Hi all,

Looking into the problem below and having a bit of trouble understanding why the answer is “4” solutions possible. The answer suggests that you use b^2 + 4ac to determine if there are 2 solutions (if the expression with numbers plugged in is positive), 1 solution (if the expression with numbers plugged in is zero) or no solutions (if the expression with numbers plugged in is negative).

Based on what I’ve been able to figure out arithmetically, the only possible solutions are -2 and -1. If you plug in 2 you get 10 and when you plug in 1 you get 4.

What other two numbers can you plug in??

How many real solutions are there for:

∣𝑥^2 + 3𝑥∣ = 2

Solutions:

0

1

2

4

infinite

Hi,

So, here, we will first consider two cases for opening the modulus.

Case 1: ∣𝑥^2 + 3𝑥∣ = 𝑥^2 + 3𝑥, given that 𝑥^2 + 3𝑥 >0 i.e. x(x+3) > 0

Here, 𝑥^2 + 3𝑥 = 2

D = 9 - 4(1)(-2) = 17 > 0. Therefore, 2 solutions here.
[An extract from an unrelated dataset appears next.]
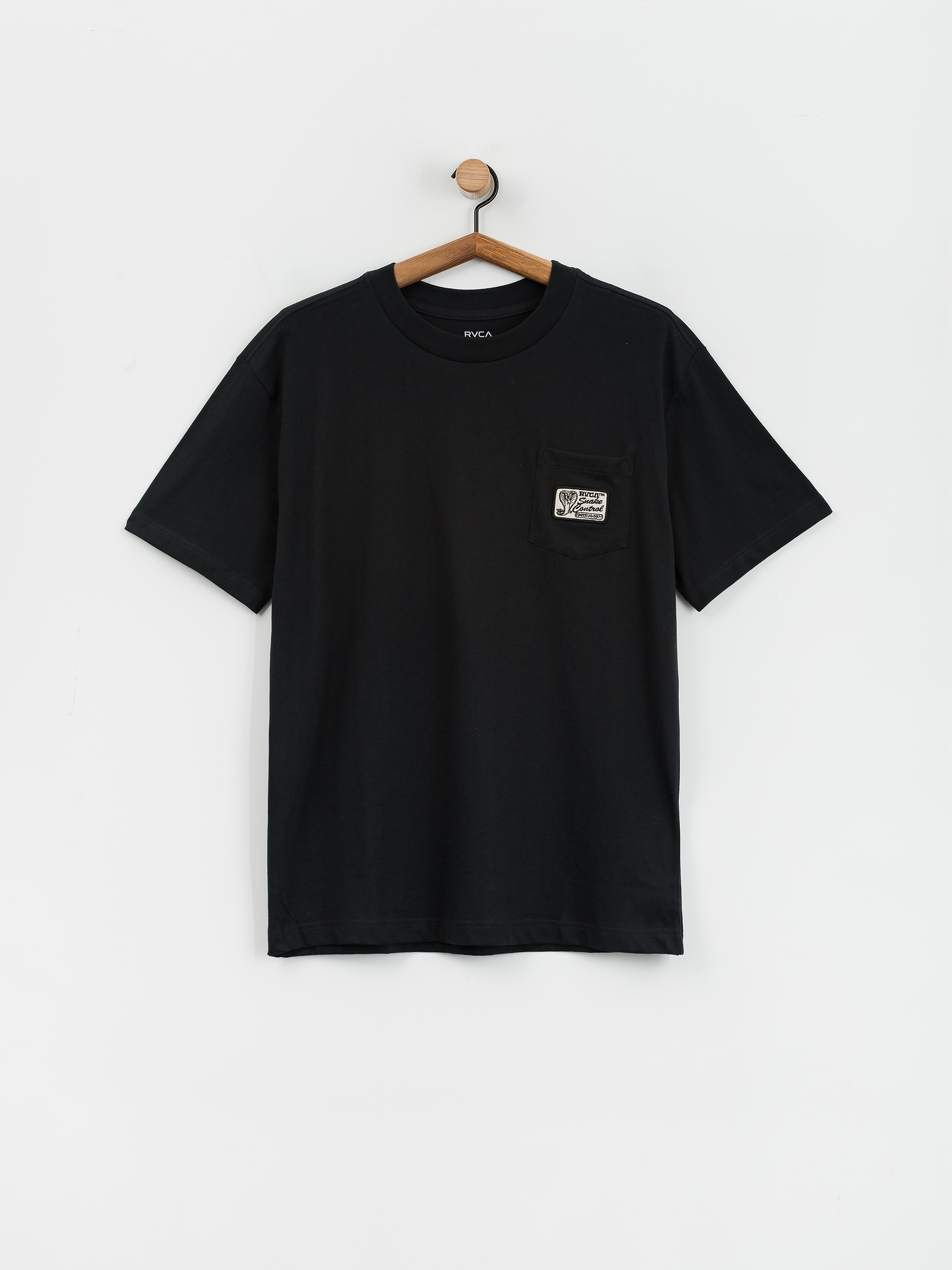 Футболка RVCA Cobra Service (black)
Since D is not a perfect square, the solutions will be irrational.

Our solutions also satisfy x(x+3) > 0. Therefore, both solutions are valid.

(You can compare these values from the answer mentioned by Leaderboard in replies)

Case 2: ∣𝑥^2 + 3𝑥∣ = -(𝑥^2 + 3𝑥), given that 𝑥^2 + 3𝑥 <0 i.e. x(x+3) < 0

Here, -𝑥^2 - 3𝑥 = 2

So, 𝑥^2 + 3𝑥 + 2 = 0. By factorization, we get (x+2)(x+1)=0. There are two solutions here, too.

Our solutions also satisfy x(x+3) < 0, so these are both valid solutions.

So, the total solutions will be 4.